Il faut savoir qu’au Portugal, depuis 2010, c’est la galère. On ne trouve plus de travail. À l’époque, soit j’étais au chômage, soit je faisais de petites missions. Je regardais donc tous les jours les offres d’emploi dans les journaux. Et il n’y avait rien. En 2012, à 42 ans donc, j’ai fini par tomber sur cette annonce de Tempo Indeterminado pour venir travailler en France. En décembre 2012, j’avais un entretien avec l’un des associés, Alberto Verissimo, à Braga au Portugal.
Au cours de cet entretien, avez-vous eu l’impression que quelque chose ne tournait pas rond ?
Non, pas du tout. Alberto Verissimo était bien habillé, bien coiffé, très sympa au premier abord. Il m’a expliqué qu’à travers cette société d’intérim il cherchait du monde pour sa société française, Veriferme. Pour travailler, entre autres chantiers, chez Michelin.
Et puis, il y avait du monde. Les locaux étaient très bien, avec plusieurs bureaux et plusieurs secrétaires. Ils embauchaient des électriciens, des plombiers, beaucoup de maçons, tous les métiers liés au bâtiment. Rien qui puisse laisser penser qu’il s’agissait d’une arnaque.
Quelle expérience aviez-vous à l’époque ?
J’ai commencé à travailler comme apprenti à 13 ans. En 1986, beaucoup d’argent est tombé avec l’entrée du Portugal dans la Communauté européenne. De nombreuses routes et usines ont été construites, il y avait du travail et les salaires étaient élevés : à l’âge de 17 ans, je gagnais la même chose qu’aujourd’hui.
Ensuite, je suis allé plusieurs années en Espagne pour travailler dans les tunnels des TGV. Puis je suis rentré au Portugal. Après la crise de 2008, c’est devenu vraiment compliqué. J’ai trouvé deux contrats en Martinique et en Guyane. Des entreprises françaises envoyaient des centaines de travailleurs intérimaires portugais dans des champs de panneaux solaires photovoltaïques.

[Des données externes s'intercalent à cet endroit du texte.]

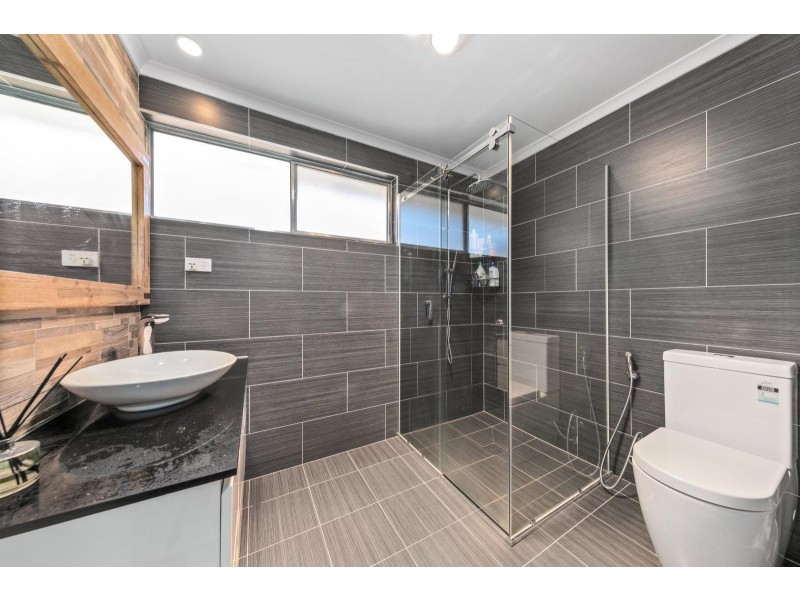 14/45 Mcburney Road, Cabramatta NSW 2166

On gagnait très mal notre vie : 7 euros nets de l’heure en déplacement. En Guyane, on vivait à dix-sept dans une maison. C’était galère, tout le monde se cognait. Un mois après la fin du premier mois, je n’avais toujours pas mon premier salaire. Comme je parlais un peu français, j’ai menacé d’alerter la Gendarmerie. Le lendemain, ils m’empêchaient d’entrer sur le chantier et l’après-midi même j’avais un billet d’avion retour pour le Portugal.
Après ces expériences, quand j’ai trouvé ce poste chez Tempo Indeterminado pour travailler en France, j’étais super content.
Comment avez-vous commencé votre nouveau travail ?
Trois ou quatre jours après l’entretien, je reçois un appel. Je devais me rendre en France trois jours plus tard. C’était rapide mais, quand on n’a pas d’argent, on n’a pas le choix.
Après dix-sept heures de voyage, je suis arrivé à Riom le 12 décembre 2012, à 4h30 du matin. J’ai commencé à bosser à 7h au dépôt, à Ménétrol. C’était le lieu où se trouvaient les bureaux, où se garaient les camions, où on prenait notre matériel. Je suis parti tout de suite sur un chantier Michelin à la Combaude. J’étais très heureux.
Sur quels chantiers travailliez-vous ?
Les matins, au dépôt, on était une quarantaine d’intérimaires portugais et nous allions travailler sur différents chantiers de BTP [décrochés par Veriferme], dont Michelin, La Poste et aussi des chantiers pour des particuliers.
En fait, il faut comprendre que Tempo Indeterminado recrutait pour les entreprises de la région de Clermont-Ferrand. Mais avec des accords tels que ces entreprises s’engageaient à ne jamais embaucher les intérimaires portugais en CDI. Pour que la boîte d’intérim continue à gagner de l’argent.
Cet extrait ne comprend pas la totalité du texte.